The state of education on this planet also sucks rocks, and not particularly tasty rocks at that. We choose to write only in English because we are pompous Americans who wonder why we should bother to learn lesser languages when this one works so well and everyone else on earth seems to be content to learn English so they can do business with us. So. As I say, we write only in English, and half the people who can read English–and ought to be memorizing this manifesto in order to properly indoctrinate their children–would have to look up the world banal, a short word of only five letters, providing they remembered how dictionaries work and could find one. The optimal situation is one in which everyone in the world is capable of reading these words and recognizing the wisdom therein. Math is important too. It would be nice if everyone on the other side of the counter knew how to make correct change when we buy stuff, at bare minimum. We also need more scientists to discover how to make clever and useful toys for us, and more cheaply, too.

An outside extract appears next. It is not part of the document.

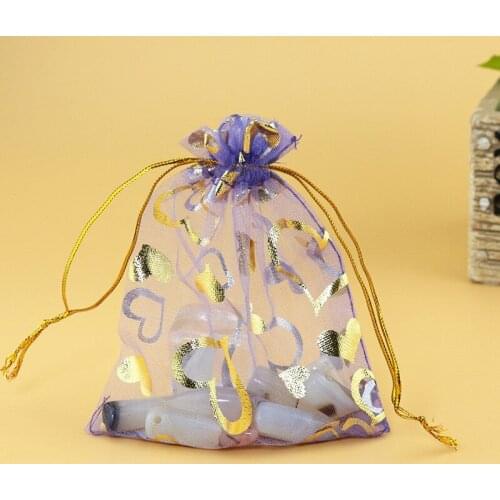 100pcs Bronzing Purple Bag Drawstring bag jewelry packaging bags for tea/gift/food/candy small transparent pouch Yarn bag 13x18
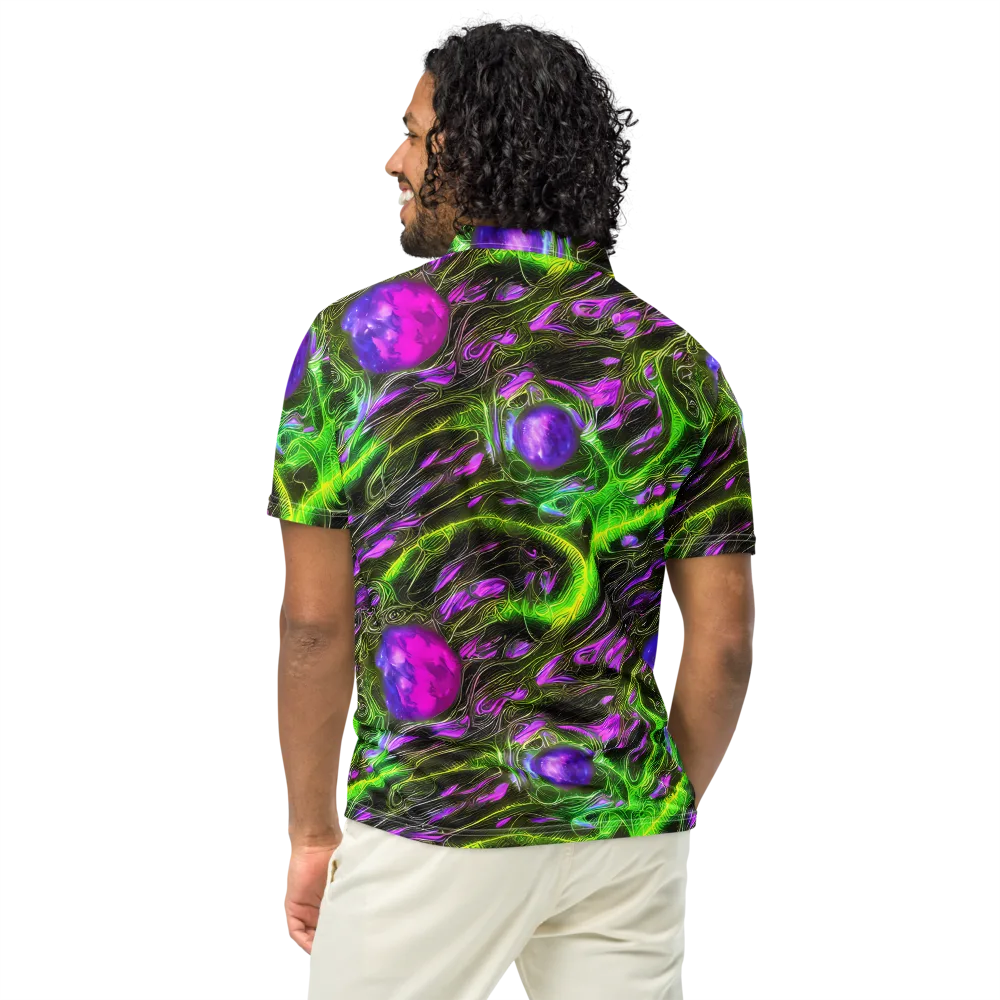 Neon Vine Reverie on Men's Slim Fit Polo Shirt — Back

We’re in favor of ourselves, of course. We only have so much material and talent in us, so we choose to concentrate on how it’s presented so as to convince others, even by the use of ludicrous lies, pathetic deceptions and banal manipulations of the credulous masses, that our works are ground-breaking and valuable and worthwhile. Selling ourselves to the public is an art in and of itself and, in our undeniably accurate opinion, the only real art.

Oh. I forgot to go back and fill in that blank above. This movement is called … oh, wait.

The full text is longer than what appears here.